Well, if we are drawing a connection between aesthetics and consciousness, it could be that the "problem of aesthetics", whatever that may be, directly informs the hard problem of consciousness. How so? Remember, the hard problem of consciousness is asking a fundamentally related question because aesthetics simply studies preferences manifested during consciousness, particularly of art and beauty and is therefore axiological in nature. From WP:
In the philosophy of mind, the hard problem of consciousness is to explain why and how humans and other organisms have qualia, phenomenal consciousness, or subjective experience. (emphasis mine) It is contrasted with the "easy problems" of explaining why and how physical systems give a (healthy) human being the ability to discriminate, to integrate information, and to perform behavioral functions such as watching, listening, speaking (including generating an utterance that appears to refer to personal behaviour or belief), and so forth. The easy problems are amenable to functional explanation—that is, explanations that are mechanistic or behavioral—since each physical system can be explained (at least in principle) purely by reference to the "structure and dynamics" that underpin the phenomenon.
Taking a page from cognitive science, where consciousness is often understood as a control system for the organism, aesthetics can be understood through a similar lens, as put forward by Aesthetics and Cognitive Science (SEP). Whatever evolution has moved consciousness forward for, it certainly related to both intentionality, which is the study of how the mind seems to manifest aboutness and produce representations, and providing preferences for those representations. For instance, physical beauty is certainly interrelated with sexual reproduction and rearing offspring. Also, certain type of gardening and landscaping styles may be rooted in our evolutionary ancestry and preferences in the natural environment.

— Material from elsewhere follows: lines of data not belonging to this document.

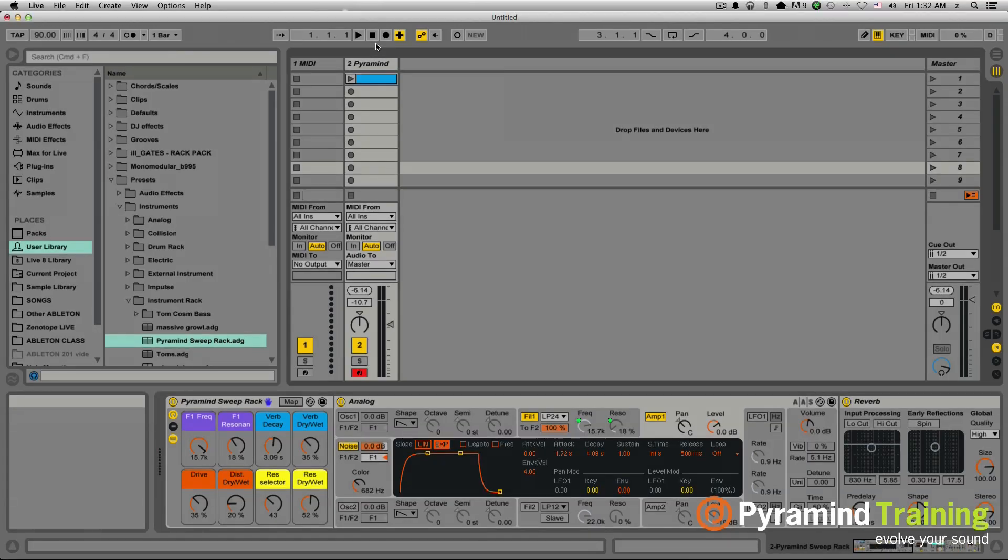Hi, my name is Zach Kerstetter. I'm an Ableton Live Instructor here at Pyramind, and today I wanted to go over how to build a custom rack for noise sweeps to help create some interesting transitions from one section of your song to another section.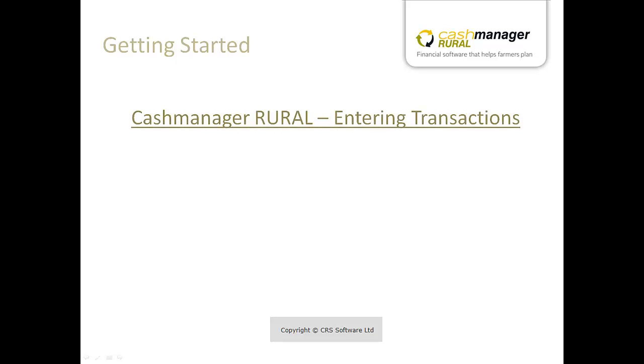This Cash Manager Rural tutorial will show you how to enter three types of transactions. They are simple transactions, split or multi-lined transactions, and mixed transactions.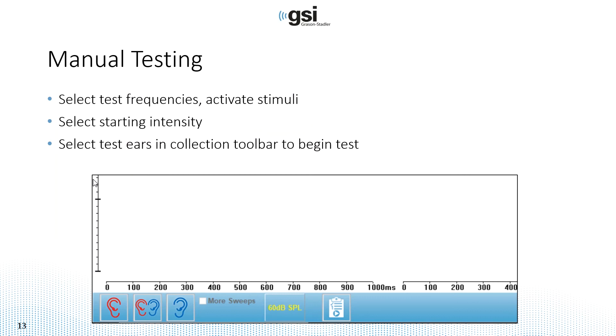For manual testing, you can simply select the test frequencies, activate the stimuli, select your starting intensity, and then to start the test, select right, both or left ear, whichever condition you want to test and then it will begin.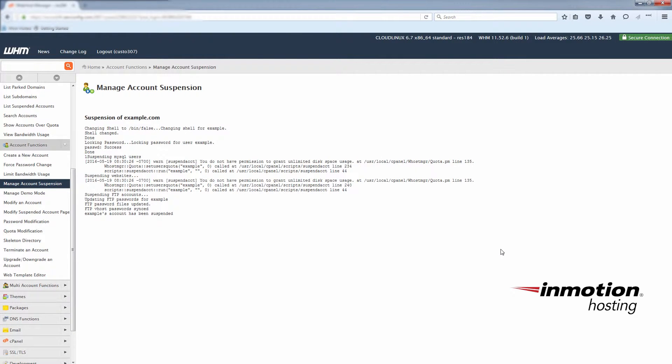You'll see a brief message mentioning which services were modified by the suspension.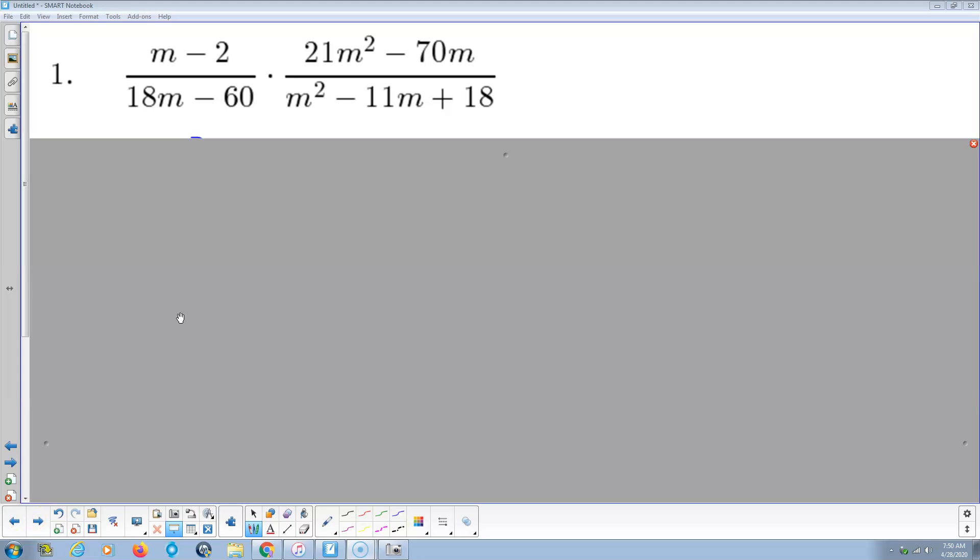Welcome. A little instructional video here for doing some practice problems for multiplying and dividing rational expressions.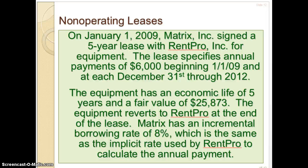Let's get into some numbers to actually see how this works. Here's your example: January 1st, 2009, Matrix Inc. signed a five-year lease with RentPro for equipment. The lease specifies annual payments of $6,000 beginning January 1, 2009 and at each December 31st. Equipment has an economic life of five years and a fair value of $25,873. The equipment reverts back to RentPro at the end of the lease.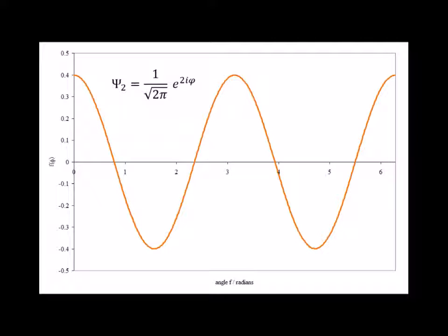Here is the wave function solution for the m sub l equals 2 state. Notice that this function for the real part has four nodes, whereas for psi 1 there were two nodes and for psi 0 there were zero nodes. Note that as far as the real and separately the imaginary parts of the wave function, that they each have two nodes.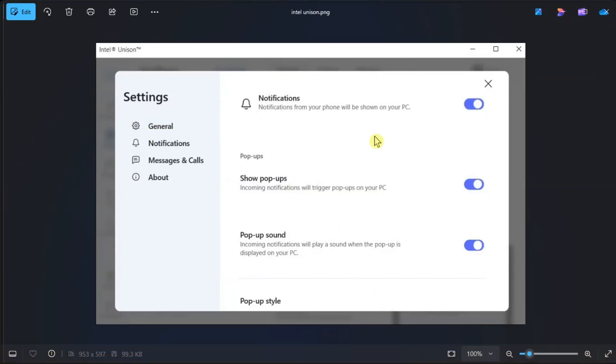Enable the toggle next to Notifications, scroll down to App Notifications, and use the toggle to enable Notification Permission for individual apps.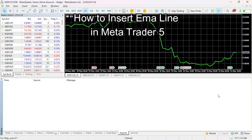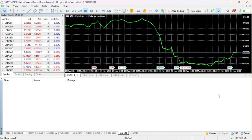Hello and welcome back to our channel Financiable. Today in this video I'm going to show you how to insert an EMA line on MetaTrader 5.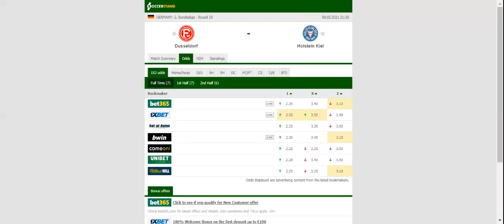Holstein Kiel, on the other hand, have been in fine form of late, with the team beating both Braunschweig and Darmstadt, while sharing the spoils with Paderborn.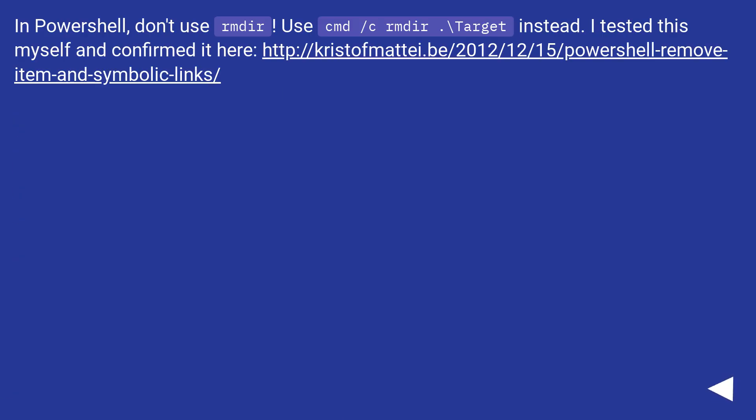In PowerShell, don't use rmdir. Use cmd /c rmdir .\target instead.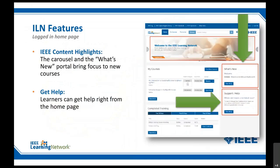Some features on ILN: you've got content highlights so you can see what's going on and what's new at ILN.IEEE.org. You have transcripts of the courses you've taken, and you can get certificates from the courses, access them, and print them out.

Lastly, our emotions and their phenomenological manifestations also seem tied to questions around aesthetics. Emotions and feelings are deep and powerful conscious experiences, and far more influential than mathematical logic and reason to our day-to-day lives. Certainly, aesthetics plays a role in resolving questions about why our conscious experience is as it is. From the SEP article:
A good deal of aesthetic thinking has been taken up with arguing about the limits to its capacity to appeal to the emotions. Two issues are particularly notable, one descriptive and the other, in part, normative. What, first of all, are the facts about our (apparently) emotional responses to fictions? Do we really admire, despise or pity people we know do not exist? This sounds like an empirical question, perhaps one to be resolved by studies of the brains of people engaged by fictional work.
You ask:
Is there a "hard problem of aesthetics?"
I would say yes, but it would seem to be an extension of the hard problem of consciousness. Insofar as we must have an accounting for the origins of the experience of consciousness, that is, reconciling our subjective, first-person experiences with the third-person quality of the external world around us, aesthetics seems to answer deep and fundamental questions about qualia and human will and action. Perhaps it is through this line of questioning where the first- and third-person are ultimately blurred to provide a convincing argument for the hard problem of consciousness (presuming you believe the problem exists to begin with).